Dari beberapa pengamatan saya. Bisa dilihat masyarakat boti yang dulu
katanya sangat ketat dengan aturan mereka menjadi sungguh lain dengan apa yang
didengar selama ini.
Boti Melawan Tantangan Ekstern
Tak bisa dipungkiri semua yang ada di dunia selalu berubah. Perubahan
itu juga yang sekarang nampak pada berbagai segi kehidupan masyarakat boti.
Padahal sebelum kami ke sini, ada beberapa cerita pengalaman dari teman-teman,
bahwa boti adalah sebuah wilayah yang masih mempertahankan peradabannya.
Beberapa hal yang membuat saya berpendapat terjadi pengaruh luar yang
besar karena, nampak Istana Raja tidak lagi menggambarkan keaslian arsitekstur
sesuai dengan filosofi masyarakat setempat. Beratap seng dan kursi-kursi sofa
membuat peradaban lama yang menjadi ciri khas masyarakat boti seolah perlahan
ditinggalkan. Padahal nilai jual wisata yang mau dipamerkan adalah kondisi
asli, dengan kemauan mereka untuk mempertahankan keaslian tersebut.
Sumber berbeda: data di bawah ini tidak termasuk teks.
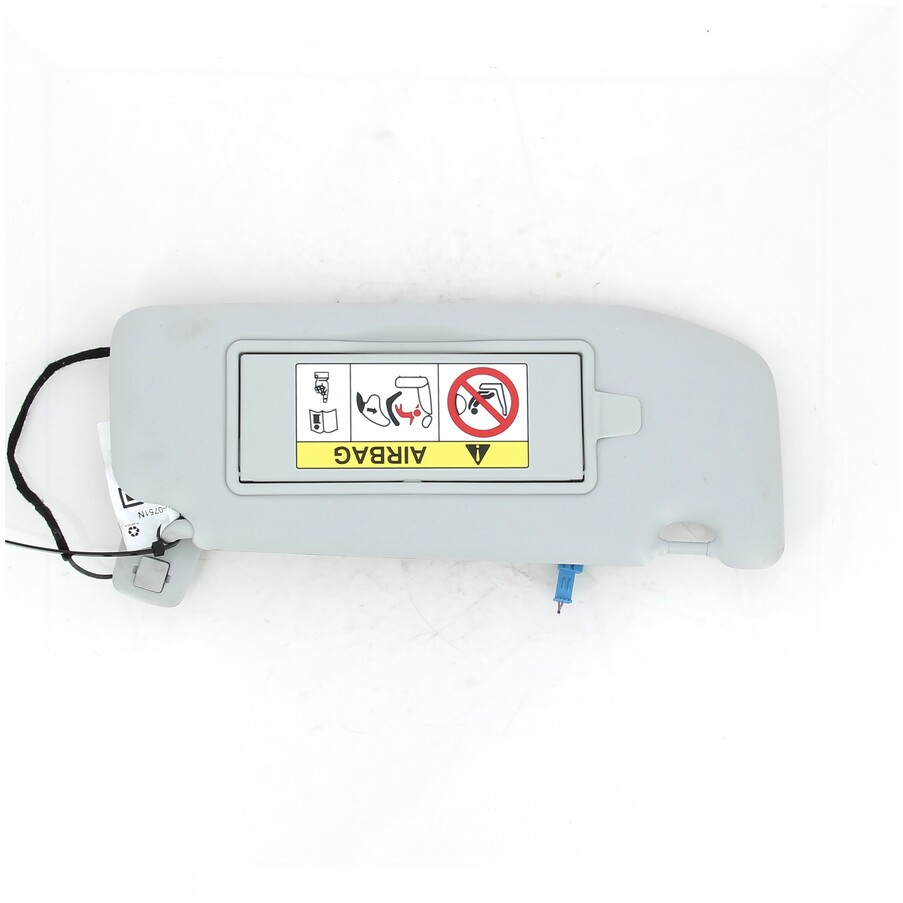 98 173 682 UW Peugeot 308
Campur tangan pemerintah yang setengah-setengah juga menjadi semacam
godaan sekaligus racun mematikan. Dikatakan godaan karena, dengan melihat
berbagai fasilitas modern yang dihadiahkan bisa membuat pola pikir lama
masyarakat boti berubah. Mereka bisa beranjak ke pola modern karena dinilai
lebih mengesankan. Menjadi racun mematikan karena dengan dibukanya akses ke
boti membuat orang semakin banyak berkunjung. Hal ini menjadi sebuah kelunturan
nilai sakral yang menjadi dasar pijak masyarakat boti. Membuat mereka semakin
terbuka dengan berbagai kemungkinan yang ada.
Peradaban yang Akan Hilang
Terlalu naif, apabila saya mengatakan bahwa boti adalah suatu peradaban
yang akan hilang. Tetapi, melihat dengan gencarnya arus modernisme dengan
tawaran yang serba instan dan digital ini bisa jadi pola pikir masyarakat akan
berubah, sebagaimana dengan keinginan masyarakat yang terus berubah. Sebuah
pencarian tentang hidup yang hakiki yang tidak pernah kesampaian.
Beberapa tanda yang mulai nampak seperti beberapa rumah beratapkan seng.
Serta mulai memperkenalkan tembok semen. Menjadi persoalan yang seharusnya
tidak dianggap sepele oleh berbagai pihak. Pemerintah dalam hal ini yang
bekerja untuk mengatur kesejahteraan masyarakat seharusnya lebih peka.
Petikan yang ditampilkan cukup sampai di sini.